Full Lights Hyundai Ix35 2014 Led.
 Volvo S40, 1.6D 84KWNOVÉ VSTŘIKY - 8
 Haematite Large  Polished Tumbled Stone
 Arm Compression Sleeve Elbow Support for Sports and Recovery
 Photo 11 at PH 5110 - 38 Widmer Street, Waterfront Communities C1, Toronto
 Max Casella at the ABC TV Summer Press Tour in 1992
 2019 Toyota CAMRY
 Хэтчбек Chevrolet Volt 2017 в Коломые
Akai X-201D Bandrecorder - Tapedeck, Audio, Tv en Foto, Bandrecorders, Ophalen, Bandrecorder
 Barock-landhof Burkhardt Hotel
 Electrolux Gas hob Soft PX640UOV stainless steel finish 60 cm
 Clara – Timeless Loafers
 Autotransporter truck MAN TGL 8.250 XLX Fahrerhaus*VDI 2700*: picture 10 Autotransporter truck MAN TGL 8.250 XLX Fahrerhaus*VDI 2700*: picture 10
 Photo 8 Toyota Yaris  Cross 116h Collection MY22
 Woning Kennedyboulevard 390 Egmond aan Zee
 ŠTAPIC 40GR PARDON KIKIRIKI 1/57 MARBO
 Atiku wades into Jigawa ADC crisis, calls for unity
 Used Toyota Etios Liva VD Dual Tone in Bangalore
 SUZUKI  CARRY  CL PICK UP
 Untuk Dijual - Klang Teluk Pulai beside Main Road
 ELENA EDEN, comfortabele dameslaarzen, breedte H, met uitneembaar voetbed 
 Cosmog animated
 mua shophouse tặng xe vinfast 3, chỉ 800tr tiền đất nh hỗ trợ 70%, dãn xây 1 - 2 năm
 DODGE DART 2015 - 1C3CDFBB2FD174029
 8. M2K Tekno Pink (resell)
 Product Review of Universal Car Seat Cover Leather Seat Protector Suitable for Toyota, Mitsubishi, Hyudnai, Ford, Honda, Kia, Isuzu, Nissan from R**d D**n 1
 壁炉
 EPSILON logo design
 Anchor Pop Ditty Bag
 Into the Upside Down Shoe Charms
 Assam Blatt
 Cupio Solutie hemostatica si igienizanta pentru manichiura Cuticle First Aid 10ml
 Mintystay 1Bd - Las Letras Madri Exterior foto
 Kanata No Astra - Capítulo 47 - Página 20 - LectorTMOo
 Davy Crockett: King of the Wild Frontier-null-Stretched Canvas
==========
Please reproduce, exactly as they appear above, the lines from the line containing "picture 10 Autotransporter" up to and including the line containing "ŠTAPIC 40GR PARDON KIKIRIKI 1/57 MARBO".

--- Solution to this task ---
 Autotransporter truck MAN TGL 8.250 XLX Fahrerhaus*VDI 2700*: picture 10 Autotransporter truck MAN TGL 8.250 XLX Fahrerhaus*VDI 2700*: picture 10
 Photo 8 Toyota Yaris  Cross 116h Collection MY22
 Woning Kennedyboulevard 390 Egmond aan Zee
 ŠTAPIC 40GR PARDON KIKIRIKI 1/57 MARBO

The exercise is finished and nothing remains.